I shake my head when I see Italian polenta on a menu or magazine article presented as some exotic gourmet dish. Where I came from (that would be the wilds of central Pennsylvania) cornmeal boiled in water is cornmeal mush. Has been for a long time. American writer Joel Barlow wrote a mock-epic poem about this humble daily staple.

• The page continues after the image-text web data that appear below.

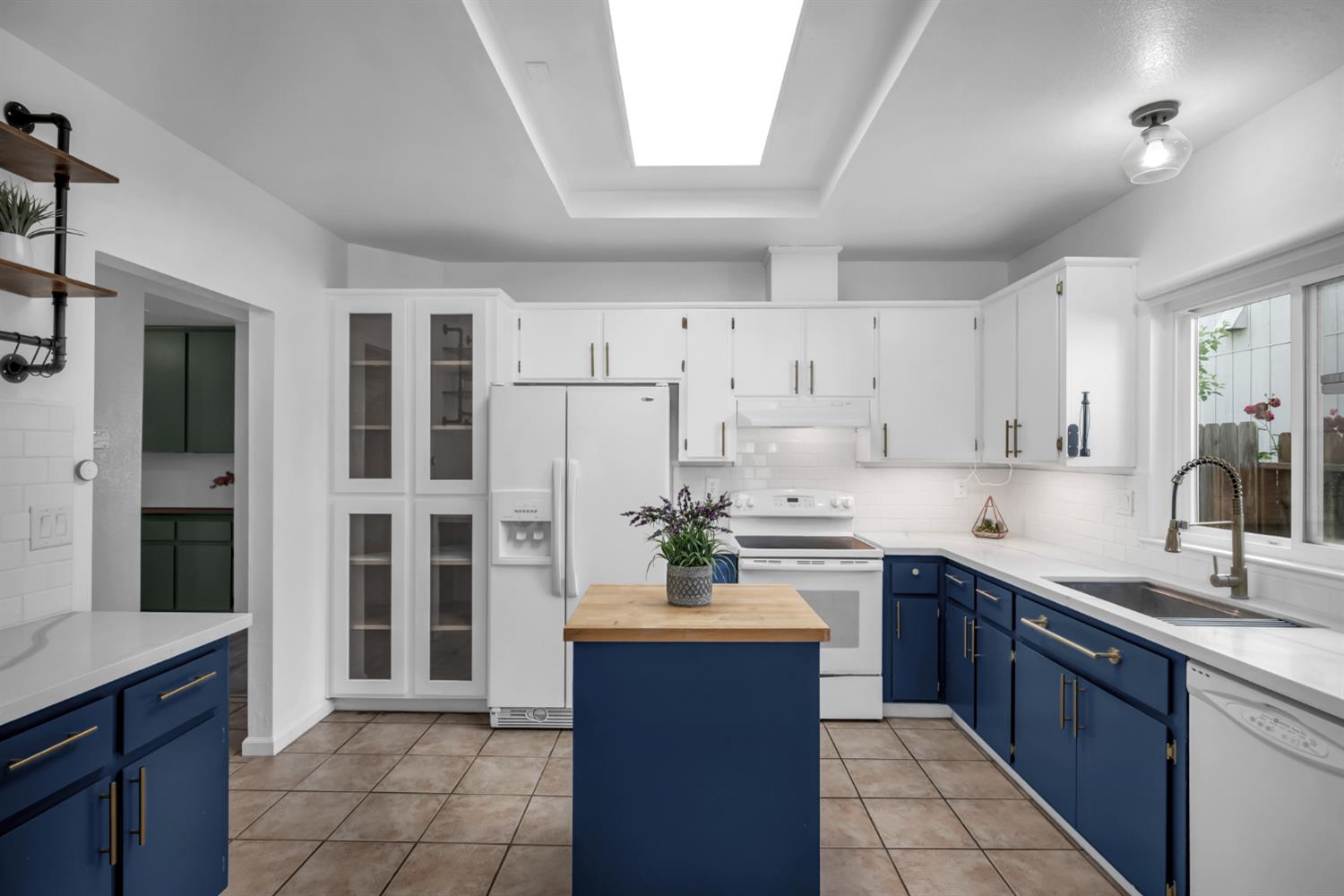 410 Marlin Spike Way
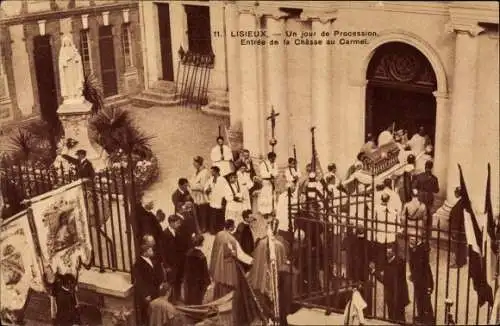 Ak Lisieux Calvados, Un jour de Procession, Entrée de la Chasse au Carmel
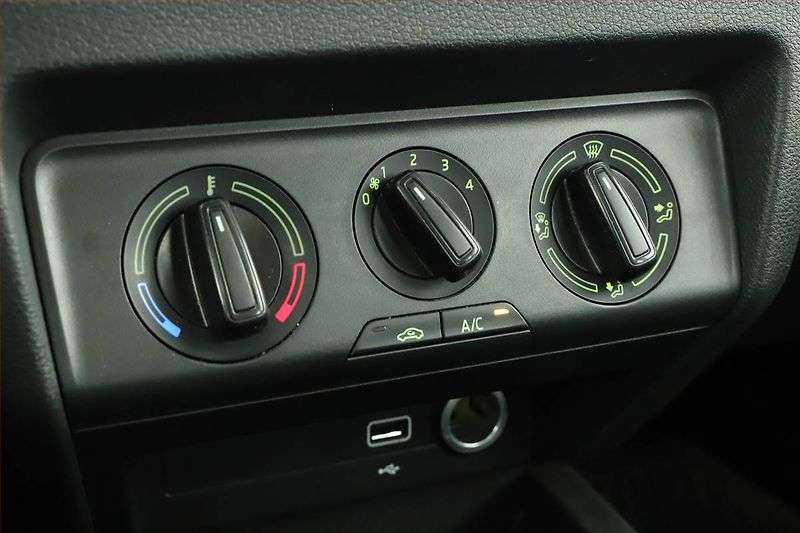 Škoda Fabia (2022) Ambition 1.0 TSI, ČR,1.maj - fotka 10 z 15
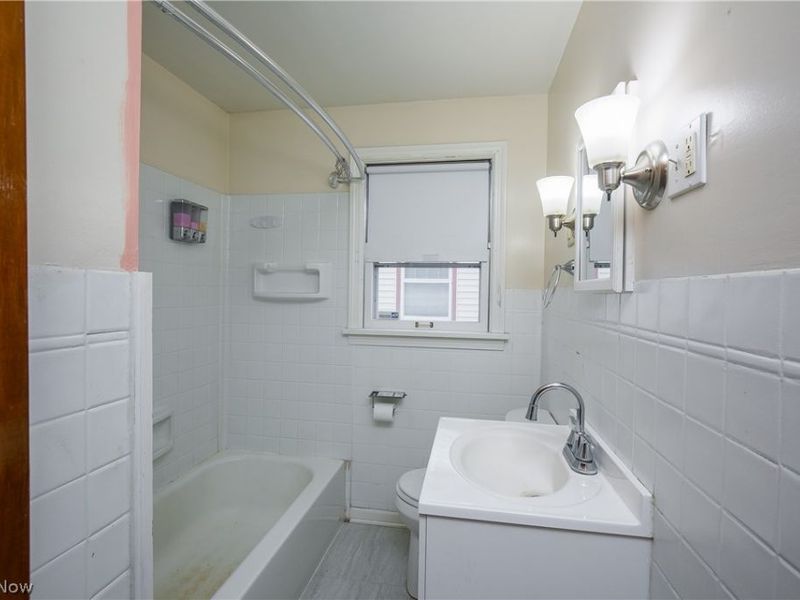 1014 Roslyn Avenue SW, Canton, OH 44710 Photo 5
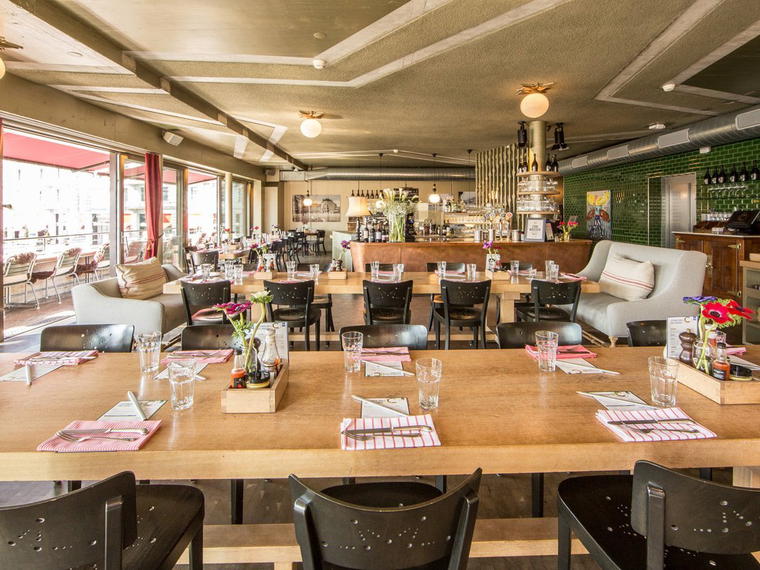 Sternen Grill + Sternen Grill Restaurant im oberen Stock., Zürich, Switzerland
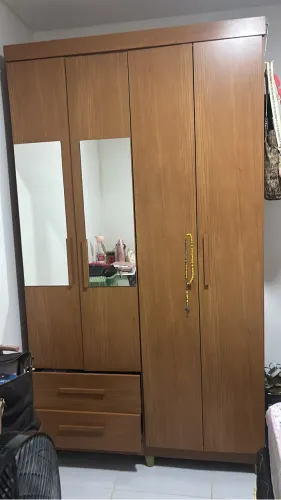 Guarda roupa novo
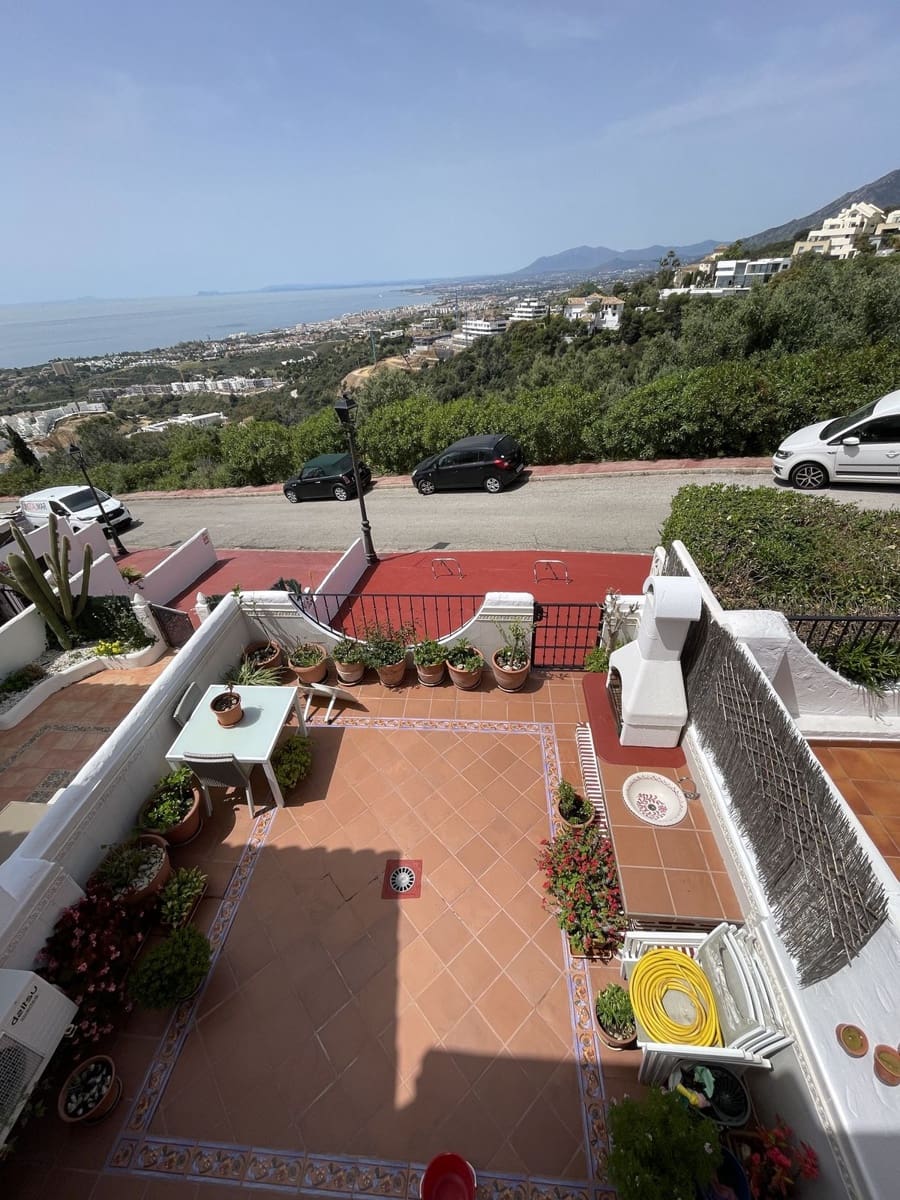 4 soverom Hus til salgs i Los Monteros med svømmebasseng - € 550 000 (Ref: 9974221)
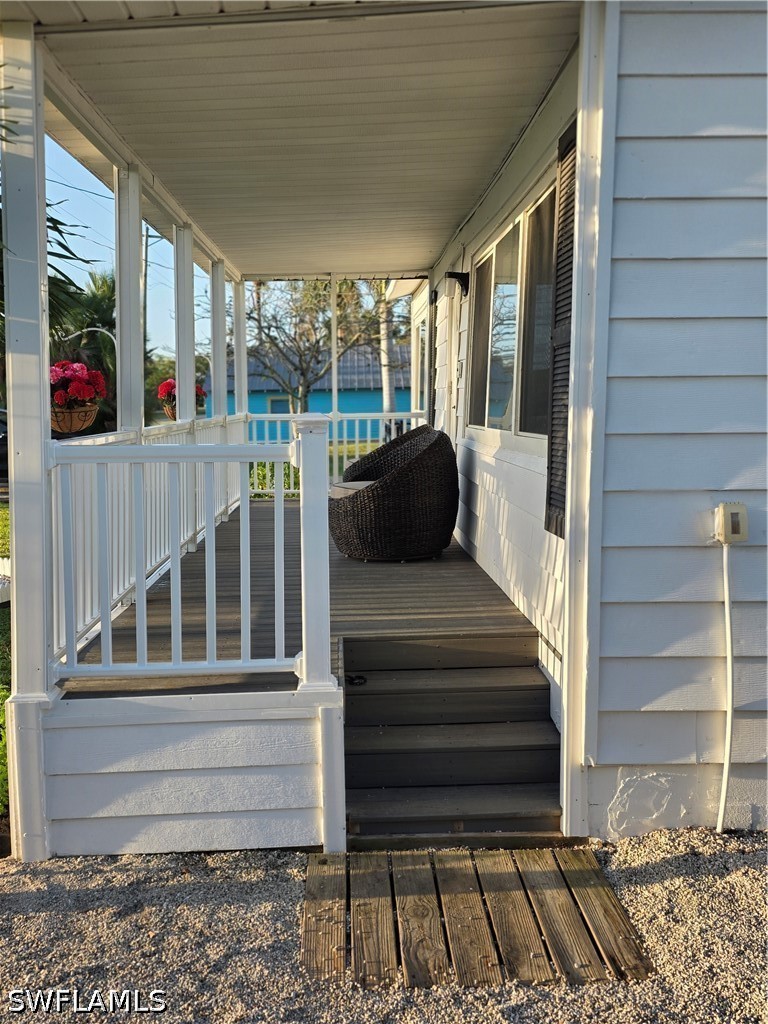 2 Bed SingleFamilyResidence for Sale in Everglades City, FL — photo 5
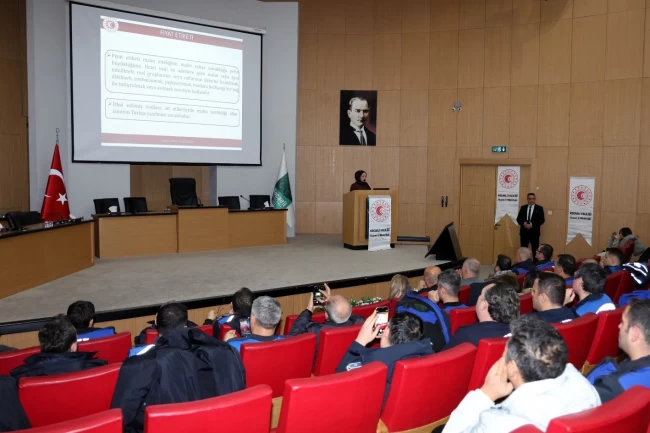 Kocaeli'de zabıtaya "Tüketici Kanunu" eğitimi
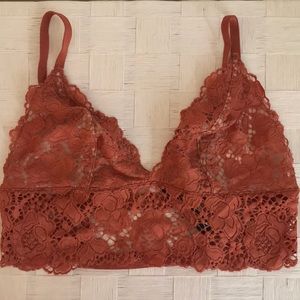 VICTORIAS SECRET RUSTIC ORANGE LACE CROP TOP
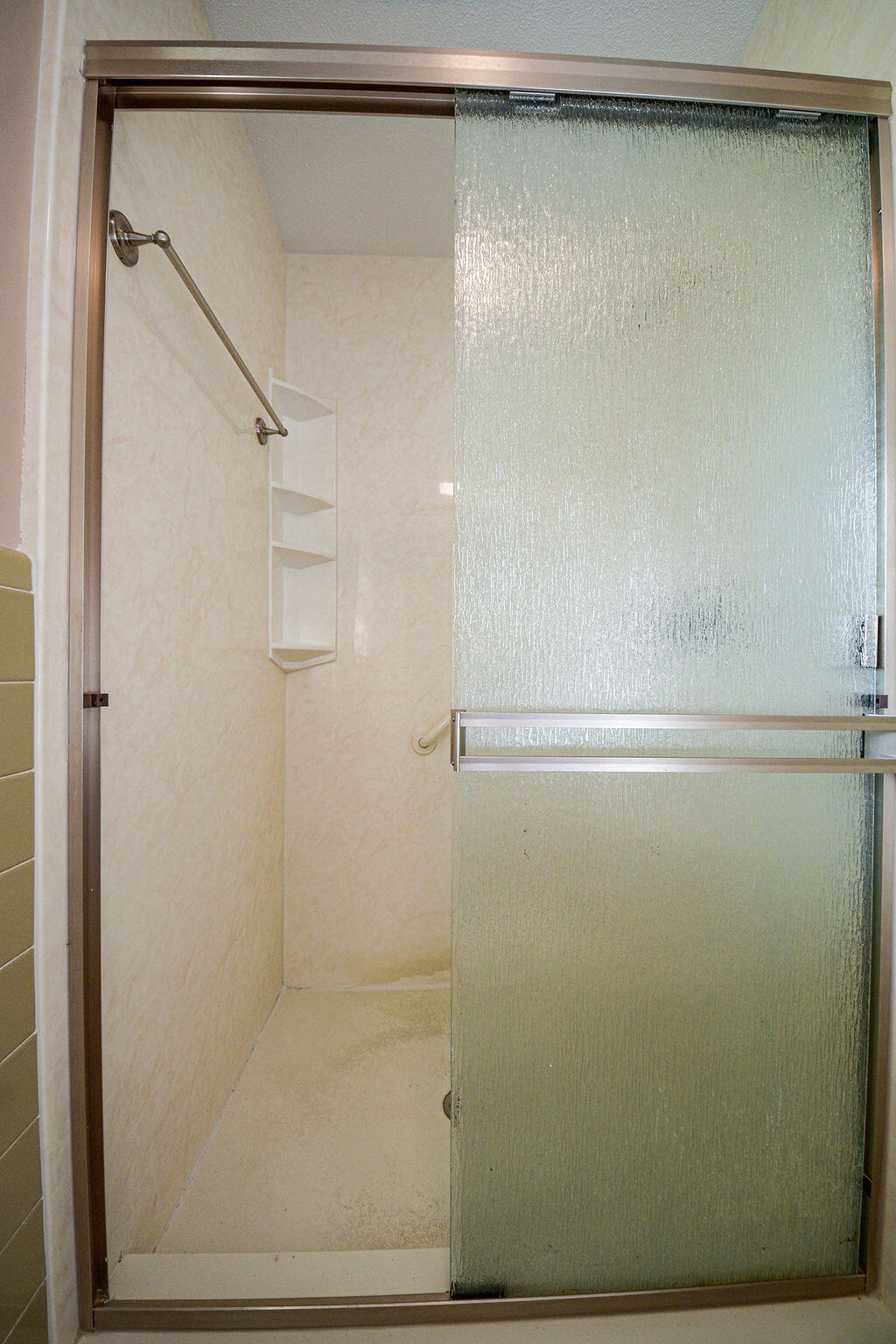 3335 Trewhitt Road Southeast Cleveland, TN 37323 - Photo 28 of 32 Primary Bath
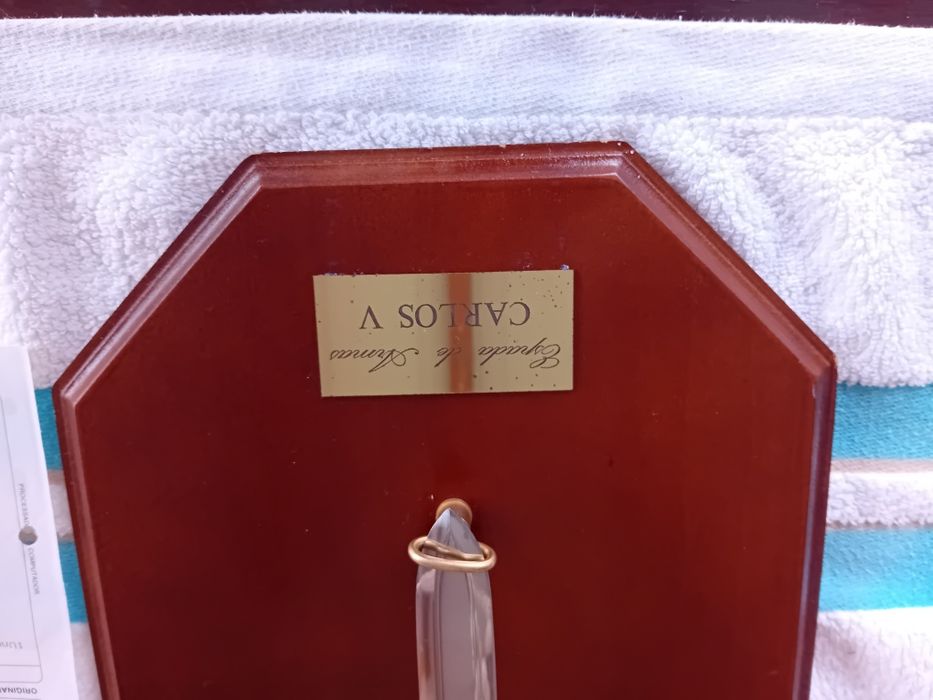 Réplica "OFICIAL" Espada Imperador Carlos V (Toledo) com factura original de 2001. Estado "MINT".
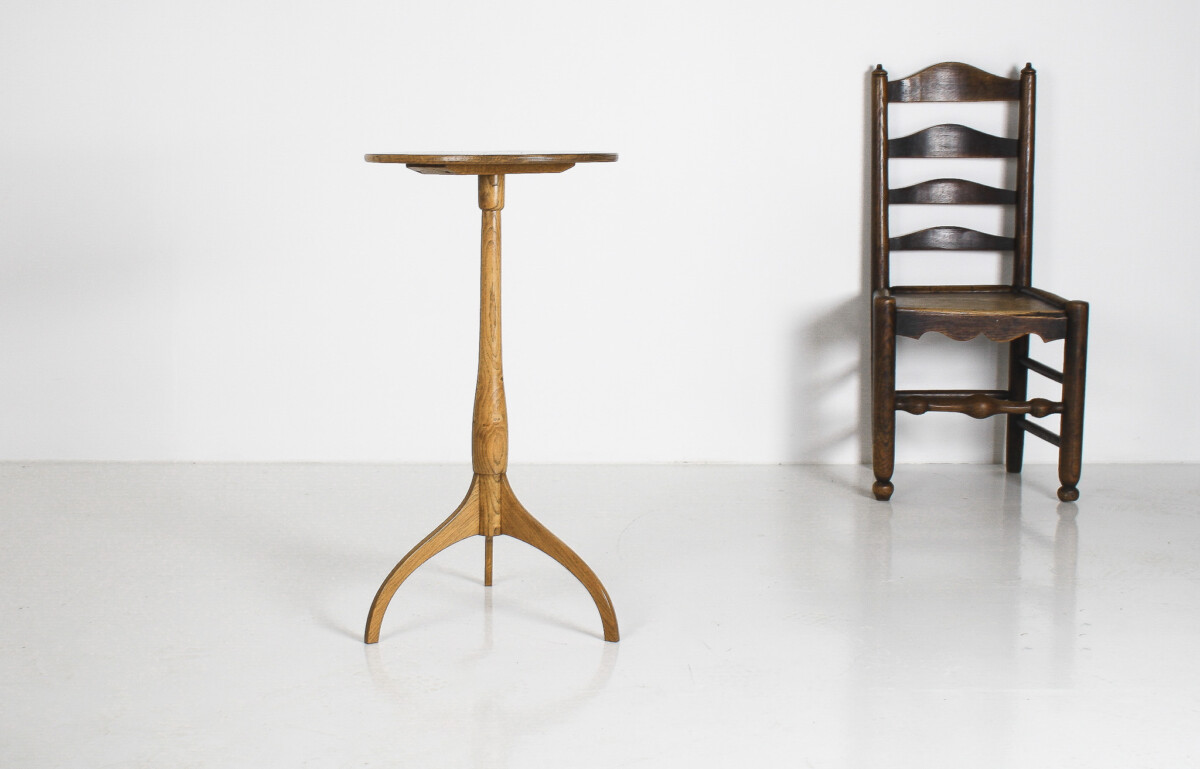 Elegant Mid Century Pedestal Side Table in Light Oak - Image 14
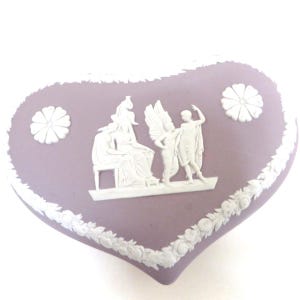 Vintage Wedgwood Lilac Jasperware Heart Trinket Box: Icarus & Daedalus reliefs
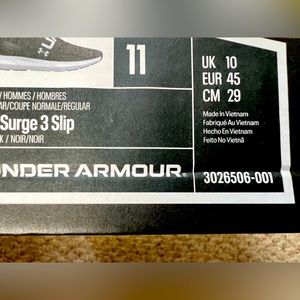 Under Armour Surge 3 Men's Slip-On Running Shoes 3026506 001 sz 11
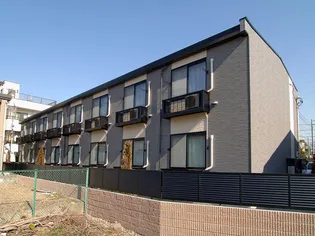 レオパレス鈴木【2階】の外観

As a New Englander, he knew the porridge as hasty pudding.
Thee the soft nations round the warm Levant
Palanta call, the French of course Polante;
E’en in thy native regions how I blush
To hear the Pennsylvanians call thee Mush!
On Hudson’s banks, while men of Belgic spawn
Insult and eat thee by the name suppawn.
All spurious appellations; void of truth:
I’ve better known thee from my earliest youth,
Thy name is Hasty-Pudding!
The Hasty-Pudding, Joel Barlow, 1793
Italy didn’t have corn, of course, until Columbus brought it back from the Americas. While the habit of eating fresh corn never really caught on among Italians, cooking the ground dried kernels did. Generations of Italian peasants survived on polenta. I once interviewed an American woman whose father had grown up in the Veneto. His family ate polenta three times a day. On good days, a few pieces of salami or cheese might accompany the porridge.
Polenta is filling, comforting, and versatile. A soft polenta like the recipe that follows is tasty when accompanied with a pasta sauce. (In fact, polenta is a fine option for those with gluten intolerance.) This sauce is called arrabiata or “angry” sauce because of the tiny amount of hot red pepper. For a simple supper, pair this dish with a salad.
1 cup cornmeal (preferably stone-ground)
2 to 2 1/2 cups reduced-sodium chicken broth
1/2 cup (2 ounces) shredded provolone cheese
1/4 teaspoon salt
Arrabiata Sauce (recipe follows)
1/4 cup (1 ounce) grated Parmesan cheese
In a saucepan, whisk together the cornmeal and 2 cups broth. Cook, whisking constantly, over medium-high heat, for about 3 minutes, or until boiling. Reduce the heat to low. Cook, whisking frequently, for about 3 minutes, or until thick. Remove from the heat. Stir in the remaining broth for a looser polenta. Stir in the cheese and salt.
Serve in pasta bowls topped with Arrabiata sauce and Parmesan.
1 tablespoon olive oil
4 ounces pancetta or prosciutto, cut into slivers
2 cloves garlic, minced
1 can (14 1/2 ounces) diced or crushed tomatoes, with juice
3/4 teaspoon crushed red pepper
1/8 teaspoon salt
2 tablespoons minced parsley
In a medium skillet, warm the oil and pancetta or prosciutto over medium-low heat. Cook, stirring occasionally, for about 8 minutes or until any fat is melted. Add the garlic. Cook for about 30 seconds or until fragrant. Add the tomatoes, red pepper, and salt.
Increase the heat to medium. Cover and cook for about 5 minutes, or until softened. Crush some of the tomato chunks with the back of a spoon. Stir in the parsley.